High-level ‘water talks’ with India from next month

Published March 21, 2017
ISLAMABAD: The Indian delegation led by India’s Indus Water Commissioner P.K. Saxena (left) holds talks with his Pakistani counterpart Mirza Asif Baig on Monday on water disputes between the two countries.—AP
ISLAMABAD: The Indian delegation led by India’s Indus Water Commissioner P.K. Saxena (left) holds talks with his Pakistani counterpart Mirza Asif Baig on Monday on water disputes between the two countries.—AP

ISLAMABAD: India has decided to return to the negotiating table with Pakistan over its disputed hydropower projects in April, following the intervention of the US and the World Bank.

Water and Power Minister Khawaja Mohammad Asif said on Monday that the two nations would hold three-day secretary-level talks on the Kishanganga and Ratle hydropower projects, under the aegis of the World Bank, in Washington from April 11.

Speaking on the sidelines of the two-day talks between Indus water commissioners from both sides, the minister, who also holds the portfolio for defence, welcomed the Indian decision to resume negotiations under the 1960 Indus Waters Treaty on the proposed Pakul Dal, Miyar and Lower Kalnai hydropower projects, disputed by Pakistan.

“The US has intervened at the highest level to help both countries resolve the issue. There will be secretary-level talks on the Ratle and Kishanganga hydropower projects in Washington on April 11, 12 and 13,” he said at a press conference.


Khawaja Asif says US, World Bank helped bring India to the table; admits Kishanganga will affect power generation at Neelum-Jhelum


“We are happy that India has finally agreed to resume talks at the commission level. We welcome this decision and the visit of the Indian delegation,” he added.

The 10-member Indian delegation currently in Islamabad is led by Indian Indus Water Commissioner P.K. Saxena.

Khawaja Asif said Pakistan would be in a position to protect its rights on Ratle hydroelectric project, adding that the country’s stance had not been negated at any level. He refused to speculate whether or not the water talks could ultimately lead to the resumption of composite dialogue.

“We want that India should share the design of the three proposed projects, and if they hurt Pakistan’s interests, then objections will be raised at the appropriate forum; this is our right. Since the treaty was signed, 116 project inspection visits have been undertaken,” he said.

Pakistan has been protesting over the design and construction of the two projects — the 330MW Kishanganga hydroelectric project and the 850MW Ratle hydroelectric project in India-held Jammu and Kashmir. Islamabad has been demanding international arbitration through the World Bank — the so-called guarantor of the 1960 treaty.

The minister said Pakistan had decided to seek international arbitration following the failure of secretary-level talks on Ratle on July 14-15 in New Delhi.

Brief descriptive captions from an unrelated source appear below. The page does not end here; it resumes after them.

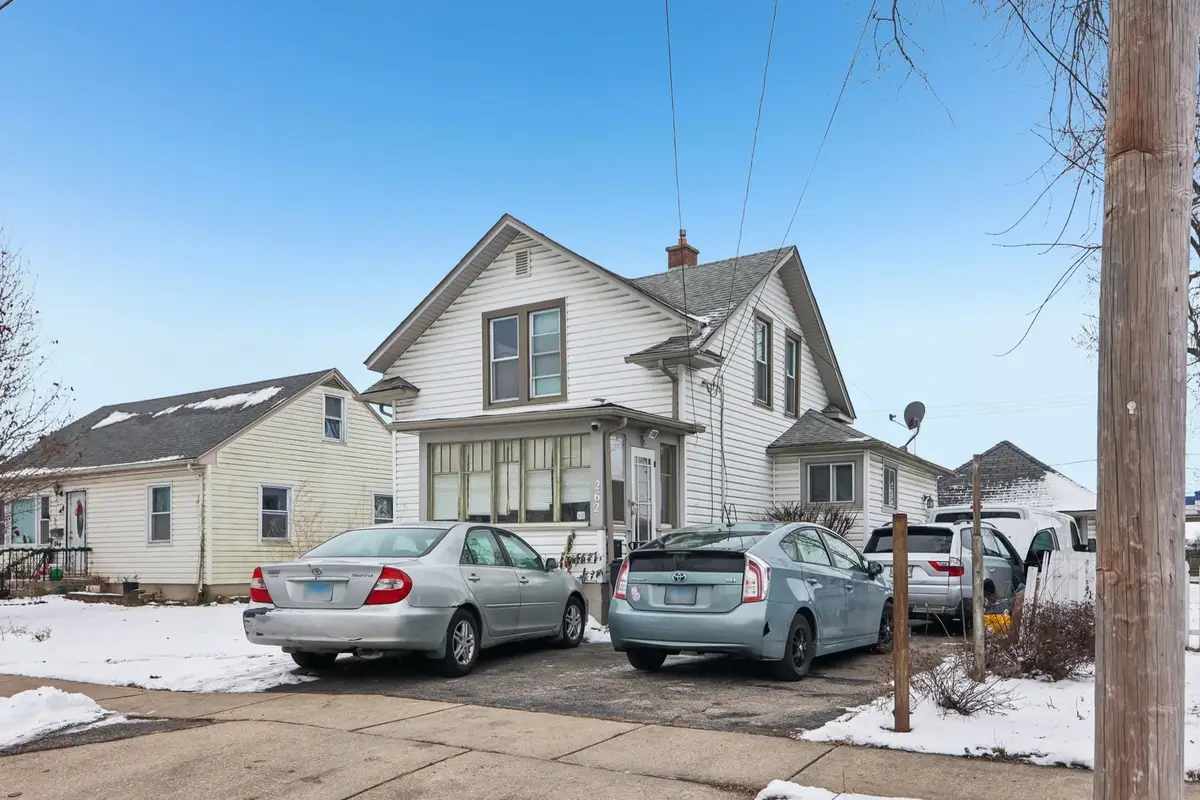 262 S Weston Avenue, Elgin, IL 60123 - Image #1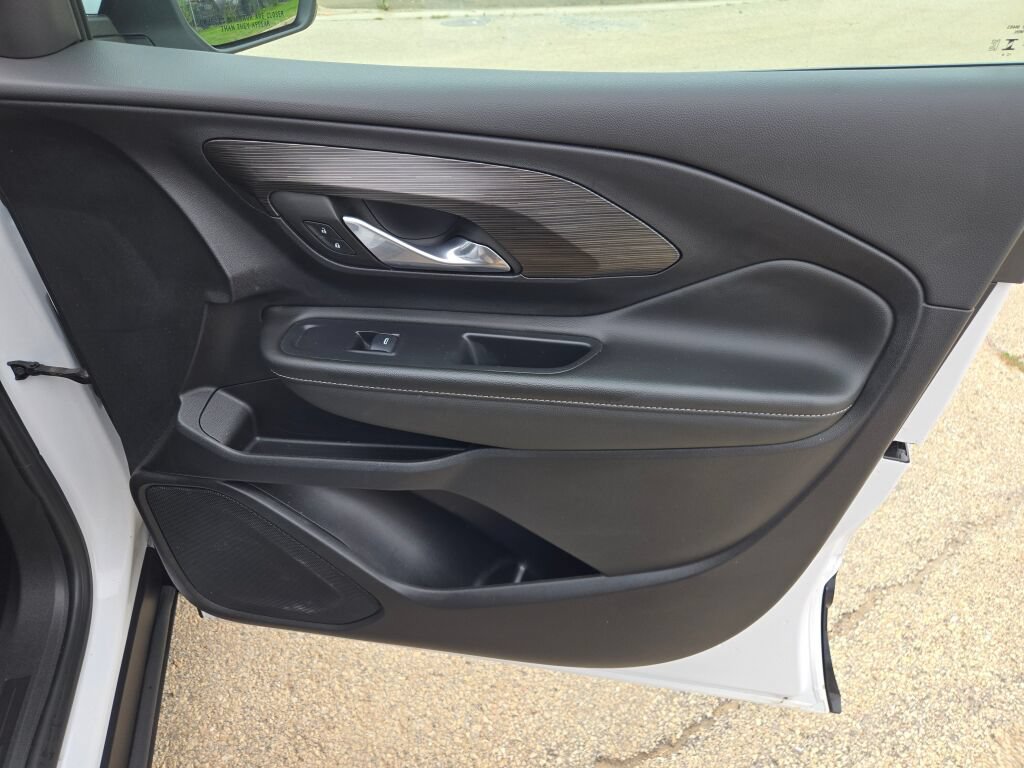 Used 2024 GMC Terrain SLE FWD image 8
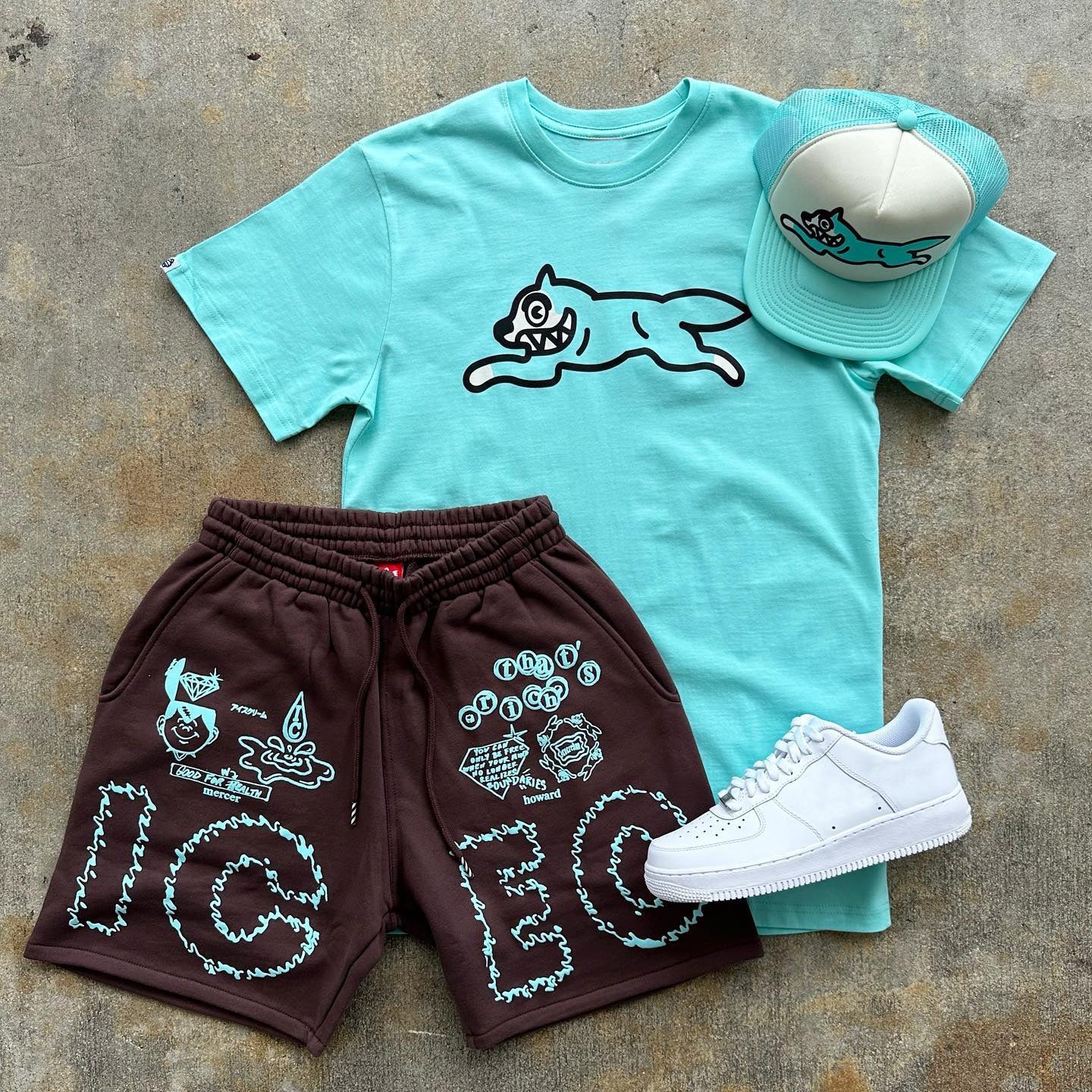 Fashionable preppy printed graphic T-shirt and shorts two-piece set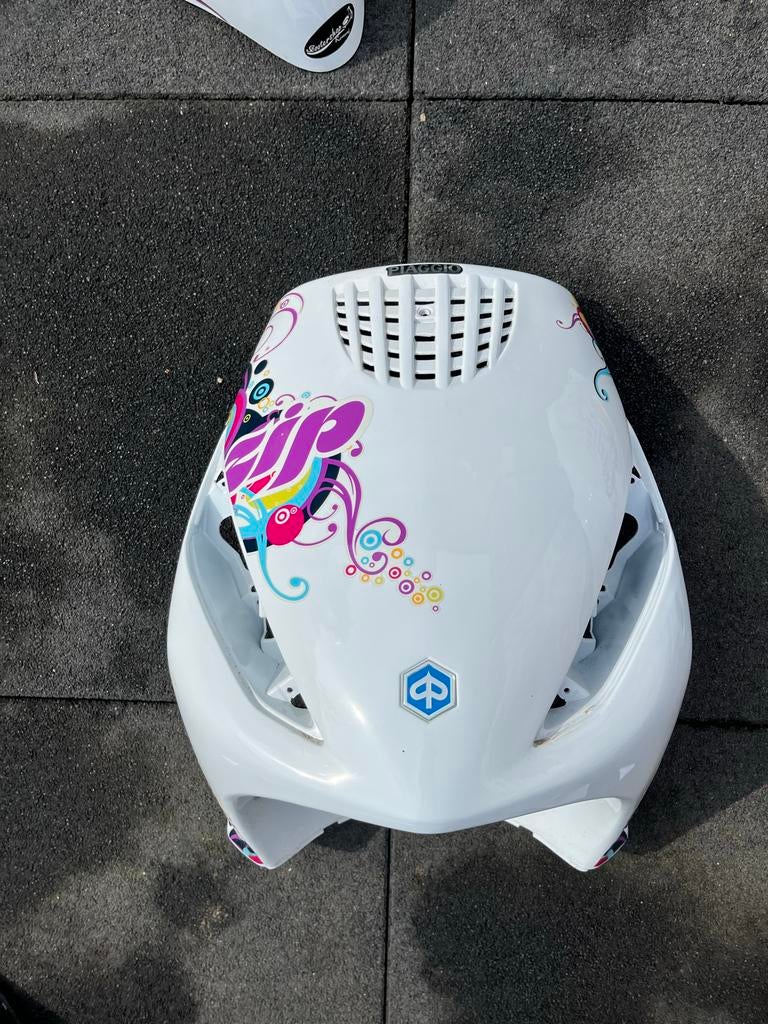 Kappenset Piaggio Zip - Wit met paarse/roze details, Ophalen of Verzenden, Gebruikt, Kap, Piaggio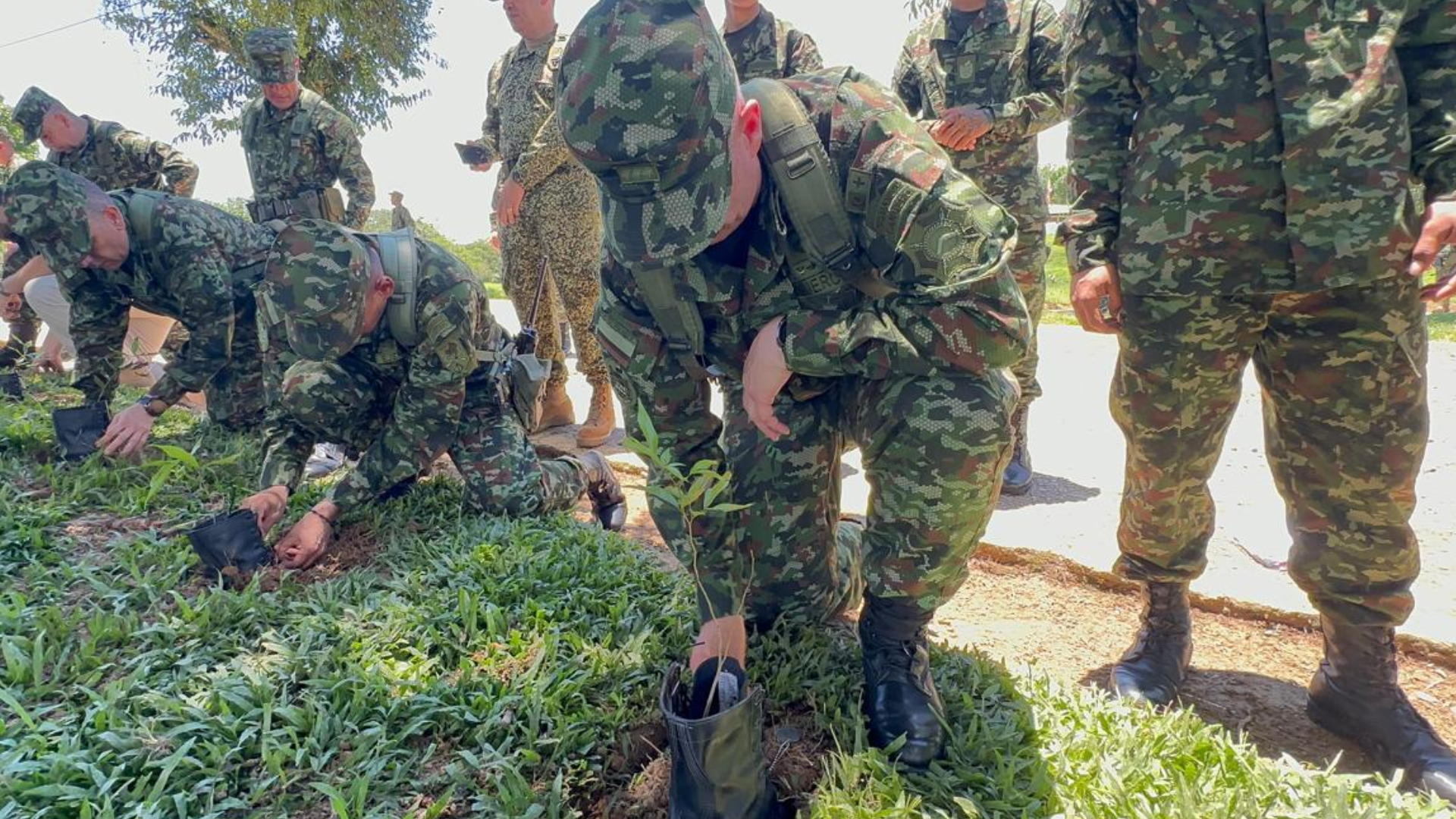 Soldados rinden homenaje a las víctimas del accidente aéreo en Putumayo. 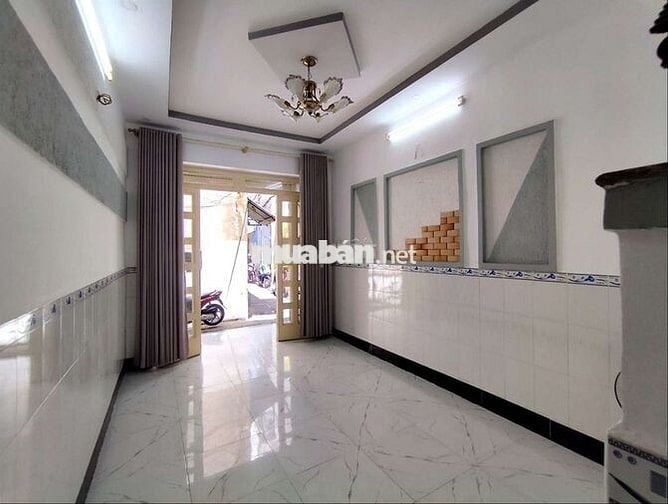 Nhà Quận 6 giá rẻ ạ, đường Bà Hom sát mặt tiền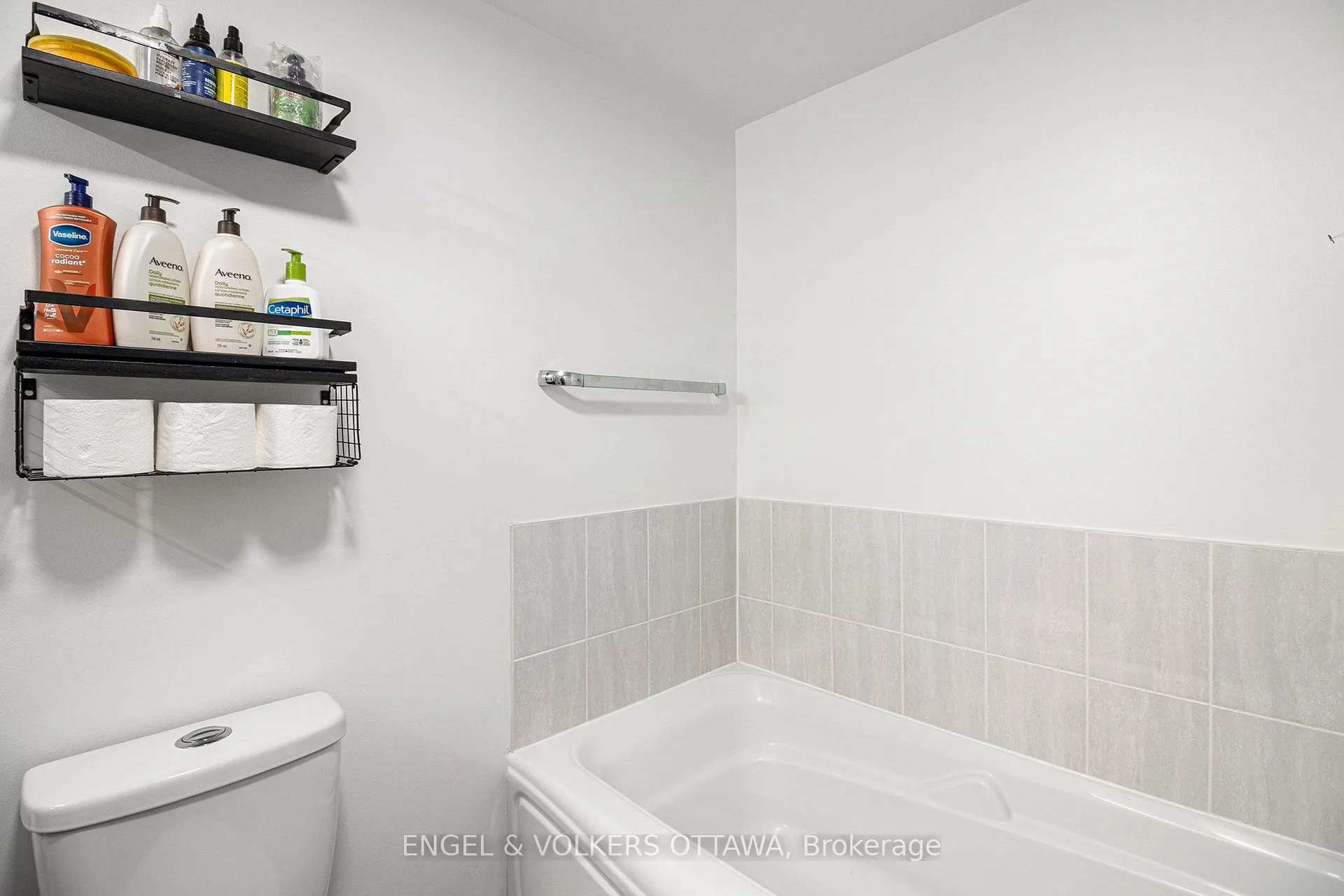 4522 Innes Road, #D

Pakistan, he said, had objection over the project design. The minister claimed that the World Bank-sponsored International Court of Arbitration had given its verdict in Pakistan’s favour over the Kishanganga project and Islamabad was now demanding that it be implemented.

A former water and power secretary, however, disagreed. He was of the opinion that Islamabad’s main objection over the diversion of the river waters by India was not entertained by the International Court of Arbitration because authorities could not establish through evidence its water uses from the Line of Control to Muzaffarabad.

The minister, however, conceded that Kishanganga would affect the generation capacity of the 969MW Neelum-Jhelum Hydropower plant, which is located downstream of the proposed Indian project, by about 10pc.

The minister said the two-day talks on 1,000MW Pakul Dal, 120MW Miyar and 48MW Lower Kalnai projects would be led from the Pakistani side by Mirza Asif Beg, Pakistan’s Indus Water Commissioner.

He said India had not shared the design of these projects with Pakistan, as required under the treaty, adding that Islamabad had serious reservations over these projects and believed they would give India the capacity to impede water flows to Pakistan.

He said Pakistan always believed the accord was one of the few international treaties capable of resolving serious disputes over water reservoirs through peaceful means and sanctity of the treaty and resolutions of dispute though this was in the interest of the two nations.

In July 2016, a high-level delegation headed by the water and power secretary had visited New Delhi to discuss these projects, but India’s inflexible attitude resulted in their failure to reach a conclusion. After this, Pakistan decided to approach the Permanent Court of Arbitration against India.

Last September, Pakistan approached the World Bank when Indian Prime Minister Narendra Modi threatened to revoke the 56-year-old treaty following the Uri attack.

Under the treaty, the World Bank has an important role in establishment of the Court of Arbitration.